The server encountered an internal error or misconfiguration and was unable to complete your request.

Please contact the server administrator, webmaster@excelforum.com and inform them of the time the error occurred, and anything you might have done that may have caused the error.

More information about this error may be available in the server error log.

Additionally, a 500 Internal Server Error error was encountered while trying to use an ErrorDocument to handle the request."

----------


## Paul

Testing uploading some attachments (xlsx file, jpg..)

Seems to be working on my end.  Perhaps there was an issue with the site at the time you were uploading?  Can you try again now?

Thanks.

----------


## Stonesteel15

I am still getting an error.  :Frown: 
Filesize is only 203KB

Internal Server Error
The server encountered an internal error or misconfiguration and was unable to complete your request.

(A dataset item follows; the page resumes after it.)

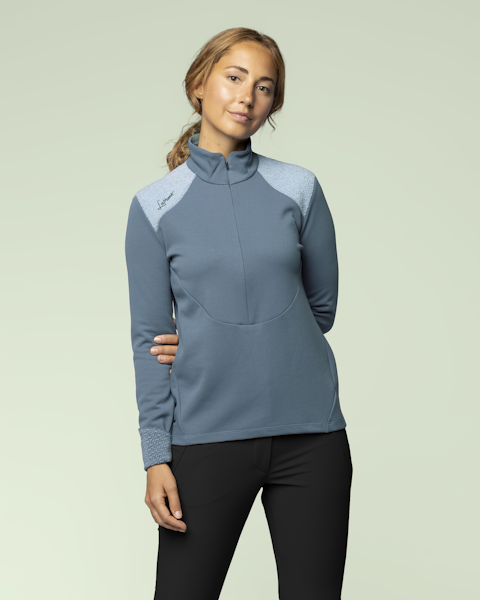 Lamunt BARBARA THERMAL HALF ZIP Spedizione Gratuita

Please contact the server administrator, webmaster@excelforum.com and inform them of the time the error occurred, and anything you might have done that may have caused the error.

More information about this error may be available in the server error log.

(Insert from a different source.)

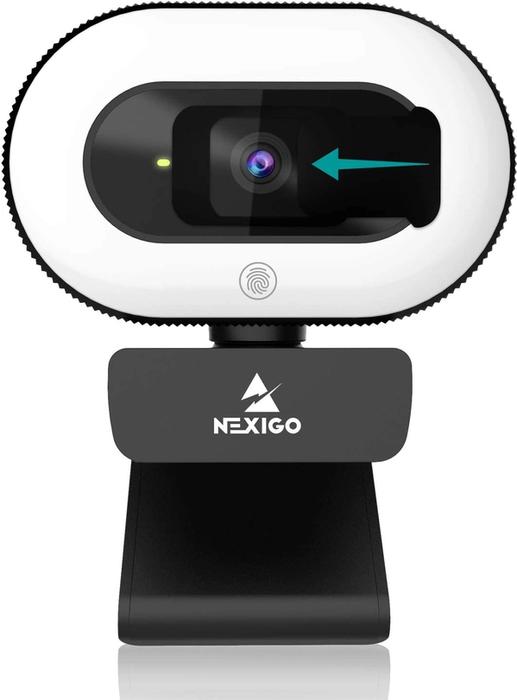 Best Webcam under 50 for Streaming - NexiGo StreamCam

Additionally, a 500 Internal Server Error error was encountered while trying to use an ErrorDocument to handle the request.

----------


## Paul

I believe the max file size is 100KB.  Either zip your file or delete a bunch of unnecessary data from your sample.  We usually don't need to see everything, just enough that we understand the layout, data and what you're trying to achieve.

----------


## Stonesteel15

Copy of Querier.xlsm





> Re: Internal Server Error, Unable To Upload/Attach Any Files
> 
> I believe the max file size is 100KB. Either zip your file or delete a bunch of unnecessary data from your sample. We usually don't need to see everything, just enough that we understand the layout, data and what you're trying to achieve



I therefore concluded that Paul's explanation is correct, I tried to reduce the file below 100KB and the attachment proceeded. 

Sir Paul, thank you very much for the assistance, now I know what the problem really is.  :Smilie:

----------


## Paul

Glad it's working as intended.  If you wouldn't mind, please mark the thread as Solved by going to your first post in the thread, clicking Thread Tools (just above the post) and then "Mark this thread as solved."

Thanks, and happy foruming!  (I never know if that's one m or two..)

----------


## Stonesteel15

Thank you very much again Sir Paul.  :Smilie:

----------